I found that the bracket for the Accucraft Ruby kit at http://www.RC-Steamers.com is ideal for the job. I simply extended the floor of the cab, attached the bracket to it, then attached the included servos to the throttle and reverser.


If you've got one of the models with a gas tank/water pump in the tender, you may find this way won't work as it will block the water/gas hoses - but you may be able to get around it, the servo bracket is reasonably compact.


----------



## StevenJ (Apr 24, 2009)

Soooooo, 

Kevin you make any progress? I'm curious what you're doing to what used to my first engine. Teri is still running well, had some problems with the throttle linkage which I shortened up a bit.


----------



## Kovacjr (Jan 2, 2008)

Kevin - Mind has a servo tucked into the back corner of the cab. standing up with the linkage facing the boiler and using a straight linkage to the Jbar.


----------



## East Broad Top (Dec 29, 2007)

To close up this thread, here are some pics of my R/C servo installation: 

Throttle: 









That's a solid chunk of oak drilled to fit around the throttle. The servo is held in place witha metal clip (not shown). The screw tightens the clamp around the throttle, and the whole thing is very sturdy. The thin end sits just over the gas tank. My first thought was to attach it to that as well, but so far have not had need to. Throttle response seems to be very good with about 120 degrees of travel. I had it pulling 5 cars on my 2% grade the other day, and it was very controllable. 

J-bar: 








Again, a strip of oak is used as a mount.
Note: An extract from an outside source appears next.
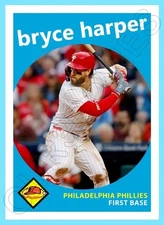 Bryce Harper Custom Made Art Card Philadelphia Phillies 1959 Style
It's attached to the floor of the cab using two mounting screws that originally just held the floor to the frame. The servo is attached to the end with a screw and zip tie threaded through the wood. My only "gripe" with this installation isn't anything to do with the servo, but there's just so much bloomin' slop in the Accucraft reverse lever itself that it's not just a matter of "up for forward, down for reverse" using the ends of travel of the stick. You've got to find the "sweet spot." Ah well, I guess it's just realism. I probably could have made a new lever, too. At least I didn't have to drill through that darned stuff. Been there, done that, have the leftover nubs of drills to prove it. 
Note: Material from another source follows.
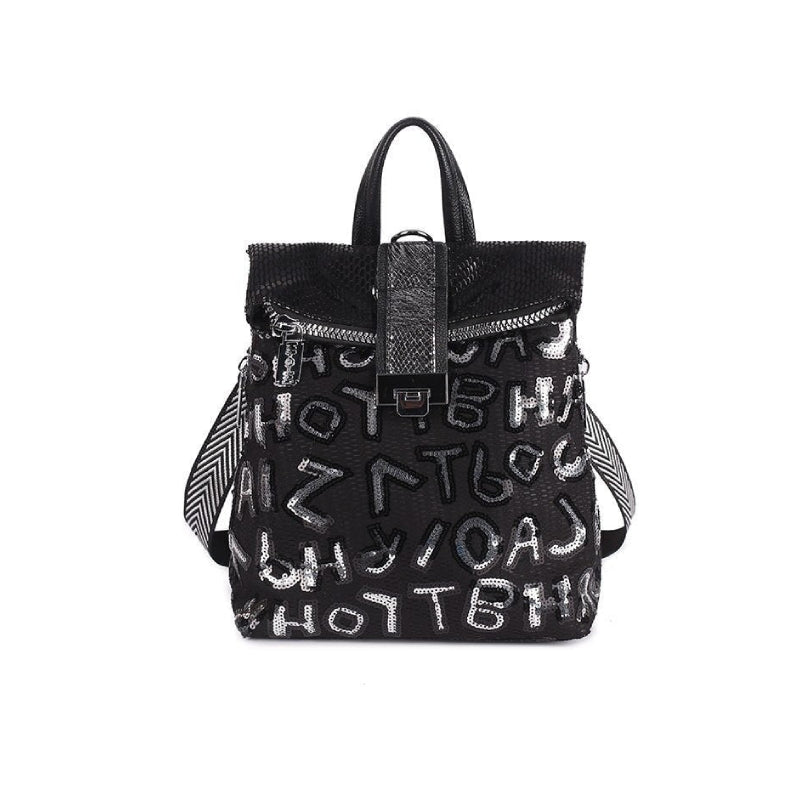 Dark With Sequin Lettering Backpack - One Size / Black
I'm updating my blog with photos of the finished locos. When that's done, I'll post a link. 

Later, 

K


----------



## East Broad Top (Dec 29, 2007)

*The blog* has been updated. Please enjoy. 

Later, 

K


----------



## steam5 (Jun 22, 2008)

Great looking weathered live steamer! 

Always like seeing your handy work Kevin, keep them coming!


----------



## Phippsburg Eric (Jan 10, 2008)

I really enjoyed reading your Blog Kevin. You have a fantastic looking engine there. I was entertained by the use of real coal both in the bunker and all over the engine! really looks like a hard working machine.


----------



## StevenJ (Apr 24, 2009)

I was wondering you kept the Bronson Tate cab. I did want to say, the screw holding on the head light bracket were held in with nuts on the reverse side. If you take out the insulation underneath the smoke box you should have no problem putting another screw in there with a nut to secure it. Very very nice. Woodland Critteris running well but I did have one of the pistons unscrew it self from the cross head so I'm in progress of retiming it and the receiver did go bad. Other than that it's running great.


----------



## East Broad Top (Dec 29, 2007)

Thanks for the heads up on the nut. I'll take a look; maybe it just slipped down into the insulation or I can scrounge another one from my parts bin. On the receiver, I just bought that in December (Christmas present), so check with Del (G-Scale Graphics) to see if there's any kind of warranty. Dunno, but it doesn't hurt to ask...'course for $15 for a replacement, it may be cheaper to just replace it. Bummer about the piston rod, but you seem to have that covered. BTW, if ever you're inclined, Roundhouses larger cylinders are a screw-in replacement for those. You'll get a bit more power out of it. 

Later, 

K


----------



## StevenJ (Apr 24, 2009)

In time I may get the large cylinders but the engine has enough power to make it around my track easily, especially when the timing is 100%. I bought a replacement receiver already. I had a small question, where do you get your headlight reflectors? The one on the little RH popped out and I seem to have lost it. I can always sand down a scrap one until it fits snug. Great job with the engine by the way. I may need to send you, some day, my 4-4-0 for R/C installation and weathering.


----------



## East Broad Top (Dec 29, 2007)

Depends. On the 0-4-0 I sent you, the reflector is plumber's epoxy putty stuffed in the headlight and shaped with a marble. On #4 and EBT #12, I used reflectors from Bachmann headlights I had in my scrap box. I've also heard people have good luck with Mag-Lite reflectors of various sizes. Check the hardware store for el-cheapo flashlights, though with the advent of LED flashlights, they're getting harder to find really usable ones. 

Later, 

K


----------



## Phippsburg Eric (Jan 10, 2008)

Do you have any problem with the heat melting or otherwise damaging headlight parts?


----------



## East Broad Top (Dec 29, 2007)

Not yet. The headlights seem insulated enough from the heat of the smokebox to where the plastic reflectors (Bachmann) and the LEDs in them aren't adversely affected. I've got this set-up in my EBT #12, which I've had under steam for 3 hours continuous. I think the Accucraft lenses are plastic as well. The ones with the plumber's epoxy are likewise unaffected. 

Later, 

K


----------



## Charles M (Jan 2, 2008)

For a heat resistant headlight reflector , cut the bottom end off of a CO2 cartridge . ( Empty of course ) . I used one from a Micronox torch , the oxygen bottle worked perfectly. These ends will fit the Brass box headlight castings from PSC . ( I think thats the manufacturer. ) You can polish them up very nicely on the inside of the curve . 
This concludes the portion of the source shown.